An "army of gypsy professors" is wandering the United States, unable to find full-time employment because higher education is too bottom-heavy, the American Association for the Advancement of Science heard here this week. And a glut of PhD students means that some take up to eight years to find academic posts.

Forty per cent of college faculty members are part-time, up from 22 per cent in the 1970s, said George Brown, Democrat and member of the House of Representatives science committee, of which he was chairman until last November.

The rate of unsuccessful grant applications is shooting up - not because of funding cuts so much as because the number of applications is rapidly increasing.

"We can no longer deny the excess capacity, or more correctly, unfocused capacity in our higher education system," Congressman Brown told the conference. "Our graduate degree-granting institutions can no longer support the PhDs they are graduating.

"This army of gypsy professors illustrates both the financial pressure on higher education institutions and the excess of PhDs for whom their higher education directs them solely toward employment in higher education."

A professor from Indiana University told the conference that his prospective PhD students are considering doing masters degrees instead "so that they don't price themselves out of the market".
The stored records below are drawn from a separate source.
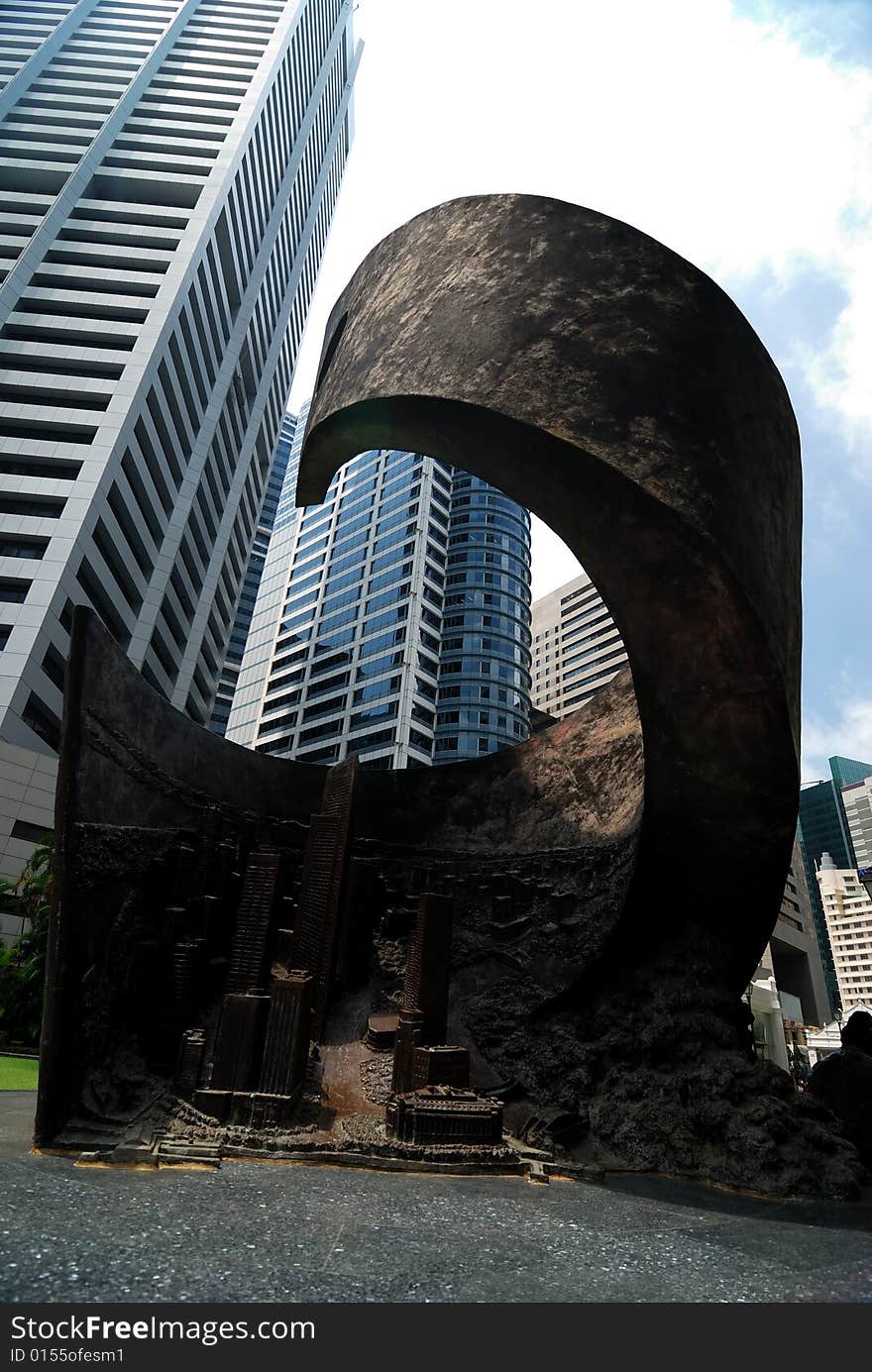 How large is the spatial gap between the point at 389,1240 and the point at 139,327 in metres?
40.6

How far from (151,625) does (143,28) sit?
43541mm

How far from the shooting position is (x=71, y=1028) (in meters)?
6.12

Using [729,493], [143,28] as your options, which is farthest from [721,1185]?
[143,28]

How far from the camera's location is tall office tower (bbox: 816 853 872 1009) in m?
76.1

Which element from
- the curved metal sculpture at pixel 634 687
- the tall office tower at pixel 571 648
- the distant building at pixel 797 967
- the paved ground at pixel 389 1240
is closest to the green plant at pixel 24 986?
the curved metal sculpture at pixel 634 687

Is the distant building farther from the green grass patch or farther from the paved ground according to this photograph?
the paved ground

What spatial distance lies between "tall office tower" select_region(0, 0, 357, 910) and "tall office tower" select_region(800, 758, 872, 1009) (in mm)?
90340

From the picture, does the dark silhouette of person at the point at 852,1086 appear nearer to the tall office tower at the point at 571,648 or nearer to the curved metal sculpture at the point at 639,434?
the curved metal sculpture at the point at 639,434

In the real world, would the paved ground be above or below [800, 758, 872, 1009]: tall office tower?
below

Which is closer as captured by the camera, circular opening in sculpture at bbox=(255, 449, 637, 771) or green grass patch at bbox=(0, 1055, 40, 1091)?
green grass patch at bbox=(0, 1055, 40, 1091)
Congressman Brown said: "Our extensive higher education system (employing 1.5 million professional staff in 1989) is a fairly recent event. Now the justification for such a large system can no longer be found in our national military security."

He suggested that the threat of massive unemployment could become a weapon with which to defend higher education.

Congressman Brown said: "Does research and high-technology development demand PhDs or can technically-adept masters and undergraduate degree students fill some of the roles that the vast army of underpaid and under-employed post-docs currently perform?" It was also suggested that academia should move more rapidly towards the "virtual university", in which academics could participate, cheaply and perhaps part-time, through high-tech link-ups.